Rapidamente compreendi que fora apanhado pelas forças sutis mas poderosas da availability heuristic, um atalho mental que as pessoas utilizam quando têm de fazer julgamentos em condições de incerteza. Esta heurística implica basear o julgamento nos cenários que imediatamente surgem na nossa mente, em vez de usarmos toda a informação apropriada. Assim, as ideias que vieram imediatamente à minha mente quando pensei em Banco Mundial foram: dinheiro + empréstimos + países pobres.

Mas após uma conversa com Varun Gauri, Economista-Sênior do Development Research Group do Banco Mundial e co-diretor do relatório, eu percebi que fora novamente enganado por um dos muitos atalhos psicológicos e sociais que, embora evolucionariamente úteis, actualmente enviesam as nossas mentes, governam as nossas vidas, e determinam o futuro das nossas sociedades e economias. Gauri me disse que eles estavam a “lançar um novo relatório que revê desenvolvimentos recentes e excitantes acerca da forma de diagnosticar e resolver constragimentos psicológicos, cognitivos, e sociais às das polítcas de desenvolvimento económico”

Fiz um breve resumo de alguns destaques do relatório nos parágrafos seguintes, para que possamos compreender, através de vários exemplos recolhidos do WDR 2015, de que forma pequenas intervenções de baixo-custo, podem mitigar estes enviesamentos e gerar grandes benefícios em termos de desenvolvimento.

Pequenas Mudanças no Processo de Candidatura podem Influenciar a Frequência de Universidades de Elite por parte de Estudantes oriundos de Estratos Sociais Desfavorecidos?

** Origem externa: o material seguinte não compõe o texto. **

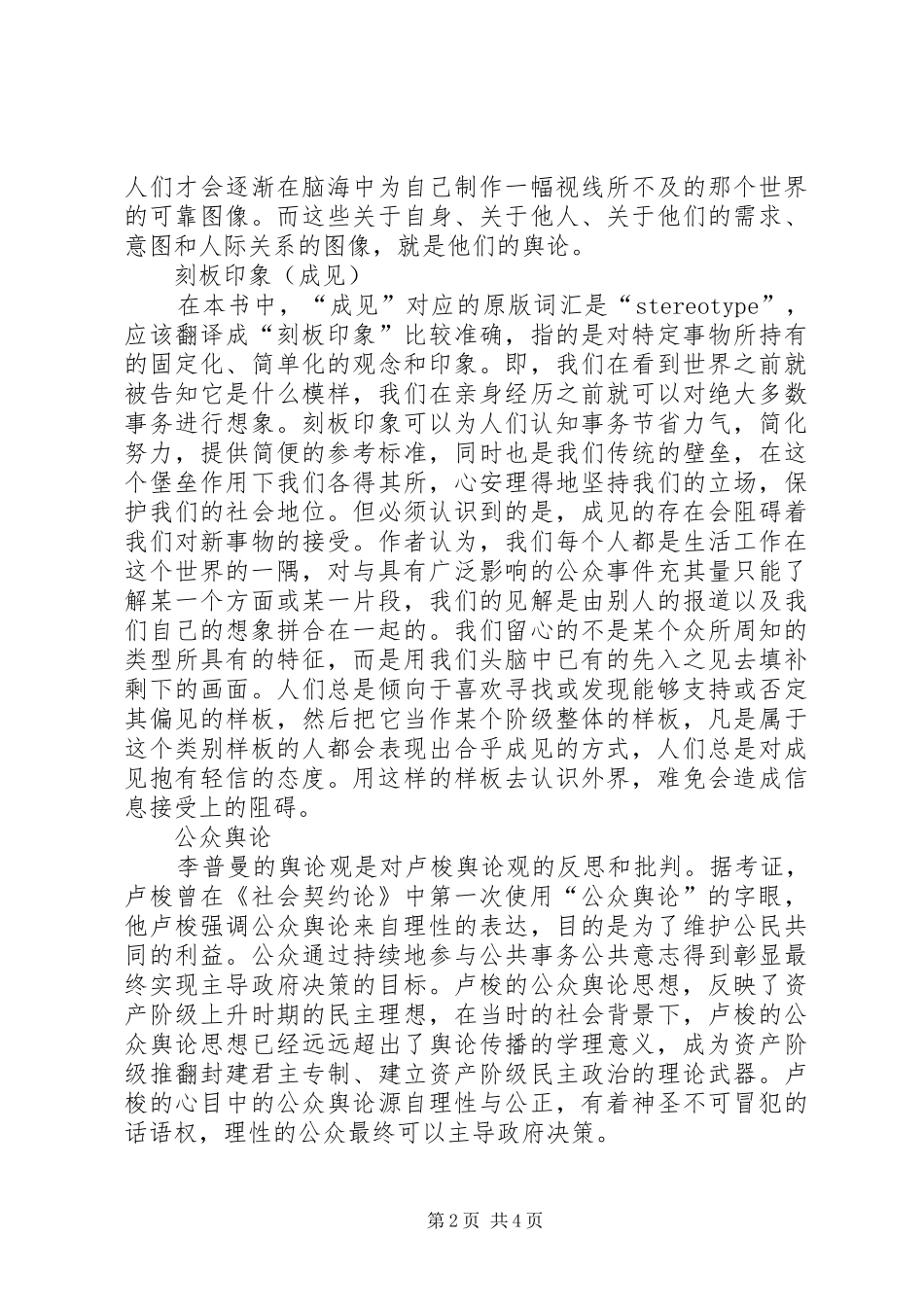 心得体会——净化校园舆论_第2页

Quando em 1998, um exame de prontidão para a universidade (o ACT) aumentou, de três para quarto, o número de relatórios de pontuação gratuitos que os examinandos poderiam enviar às universidades e diminuiu o custo de enviar relatórios adicionais para $6, os estudantes passaram a enviar substancialmente mais relatórios.

A mudança de comportamento foi a mesma para estudantes de baixo e alto estrato social, o que sugere que as escolhas dos estudantes não eram baseadas numa decisão deliberativa que pesava custos e benefícios, mas em vez disso, na aceitação irrefletida de uma opção padrão. Quando o número de relatórios que os estudantes podiam enviar de graça aumentou de três para quatro, o número de examinados que enviavam exactamente quatro relatórios passou de 3 por cento para 74 por cento.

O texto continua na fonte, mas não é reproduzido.